ABSTRACT

FIFA has weathered many storms, to invoke FIFA president Blatter’s favourite metaphor of survival, and has in many respects been a beneficiary of the phenomenon identified by Roman satirist Juvenal as panem et circenses (“bread and races,” more commonly given as “bread and circuses”). Juvenal was referring to how public entertainment or spectacle can be associated with a decline in political spirit; the populace looks for fun and ignores wider social or political issues. 1 Indeed, when journalists or broadcasters turn their attention to the ethical problems of FIFA — endemic maladministration, little transparency, zero accountability, bogus idealism — they have habitually asked why all this matters, when the match goes on and the peoples’ game prospers. 2 But the sheer scale, and increasing visibility, of the self-serving and ethically dubious practices of football’s world governing body have come more consistently under the interrogative gaze of reforming networks and campaigning, investigative journalists. 3 This also tarnishes the product and the image of the product, and big corporate players are far from happy to be associated with a flawed body exposed as hypocritical, ethically dubious and routinely unaccountable.

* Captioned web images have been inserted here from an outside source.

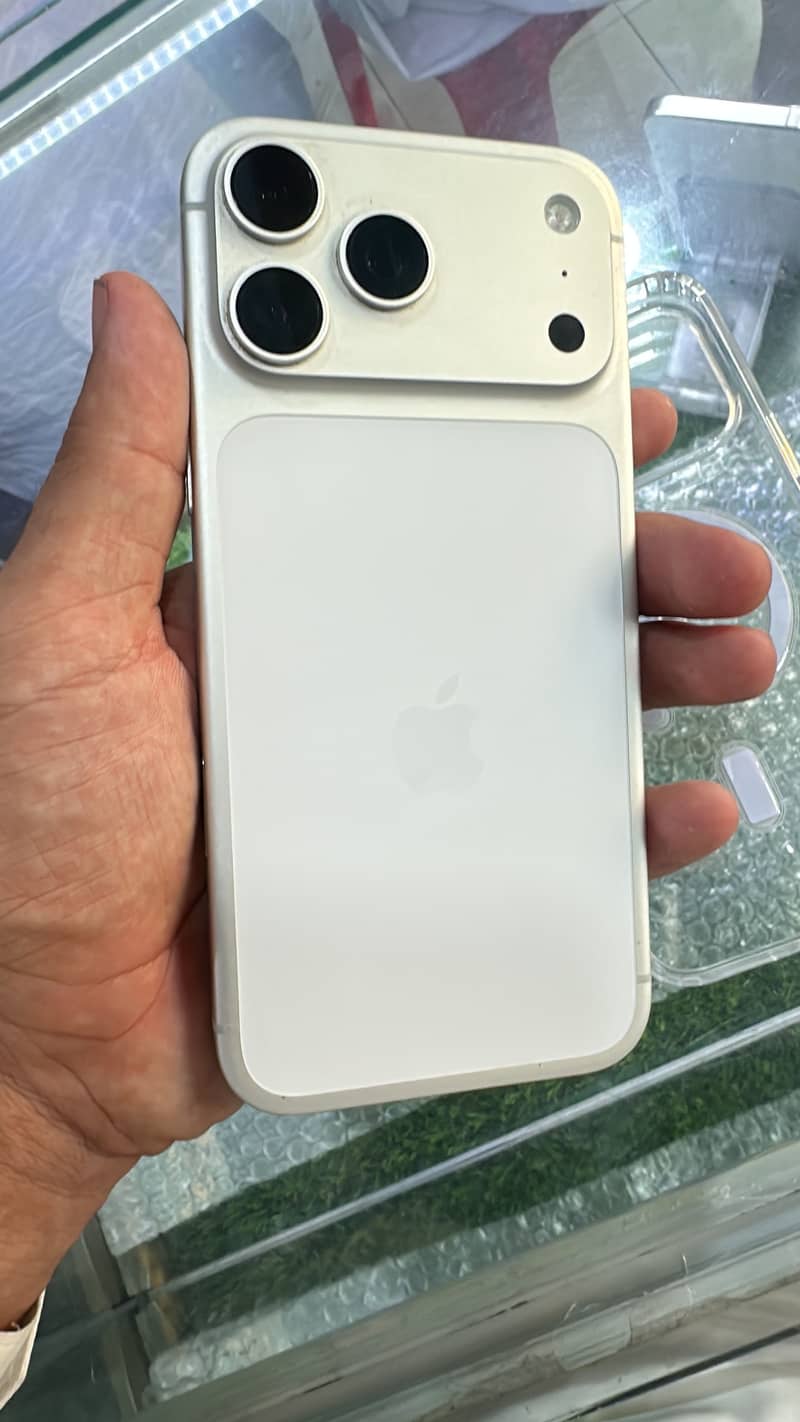 Apple iPhone 17 Pro Max 0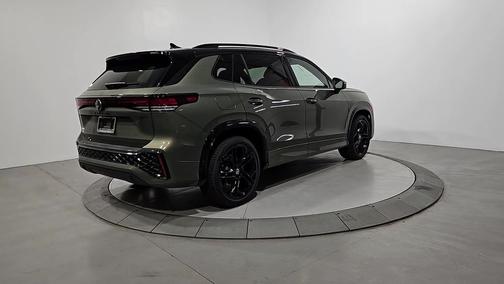 Avocado Green w/Deep Black Roof 2026 Volkswagen Tiguan 2.0T SE R-Line Black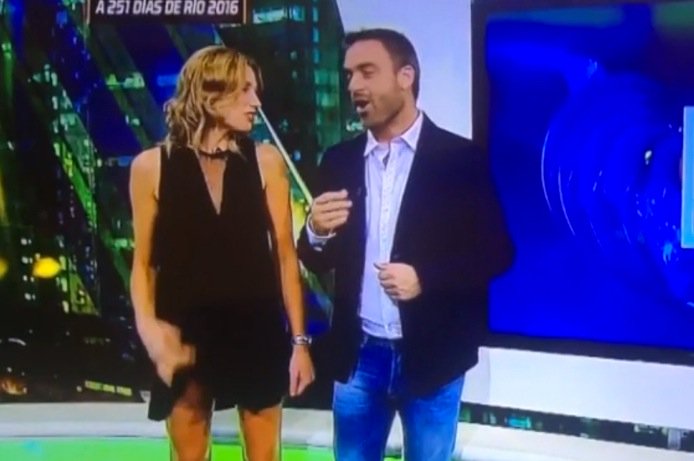 Daily Mirror On Twitter Tv Presenter Suffers Embarrassing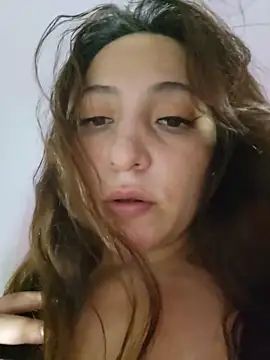 VickyHoult Adlı Modelin Canlı XXX Sohbeti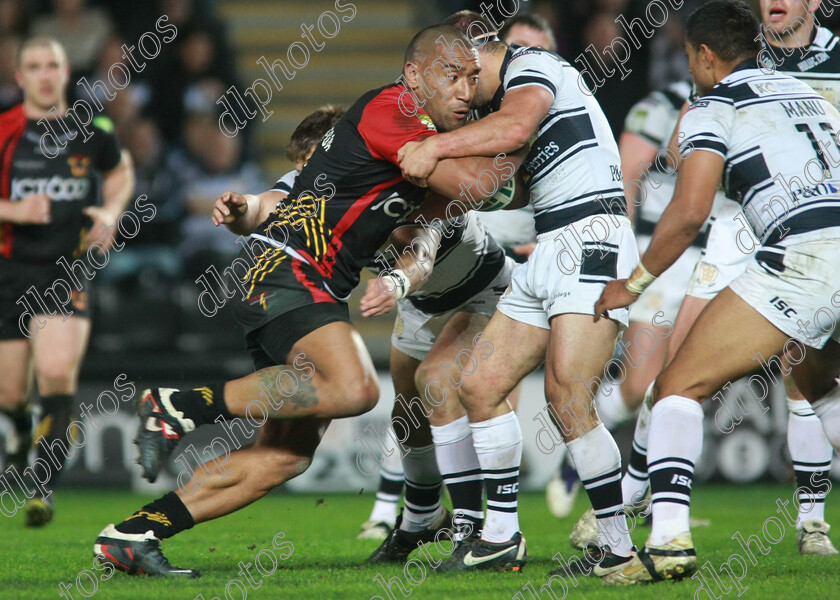 fc-bulls0798 
 Manuokafoa runs into houghton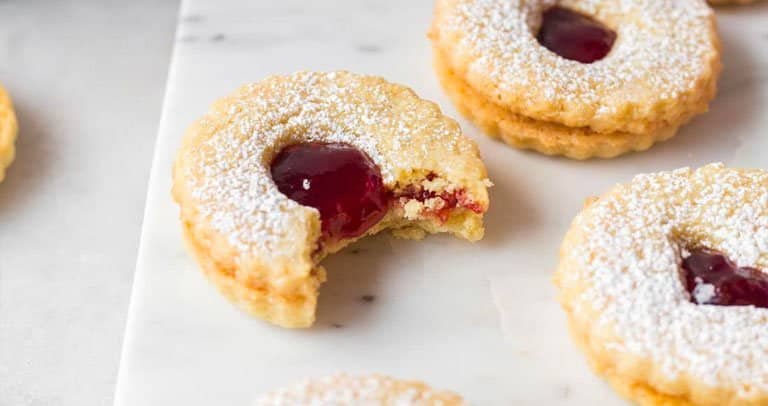 biscoito linzer mordido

This does not, though, guarantee instant reform within the organization; FIFAcrats are highly skilled, many reciprocally dependent on the benefits provided by their positions, and ruthlessly survivalist. This is not a point at which to witness a crucial turning point, a Salt Lake City moment, in the complementary story of the Olympics, when widespread condemnation of corruption among IOC personnel led to serious reforms. But the claims from within FIFA that a “road to reform” is being travelled ensures that the critical gaze will now be sustained, more than ever before. And the corporate partners will keep asking questions. What, then, are the likely directions that FIFA will take in the future? In this penultimate chapter I consider the potential influence of the sets of interests that are sometimes said to be the sources of serious institutional reform at FIFA — clubs, sponsors and states or 150governments — and then outline five future directions or scenarios that might shape, or indeed reshape, FIFA’s future.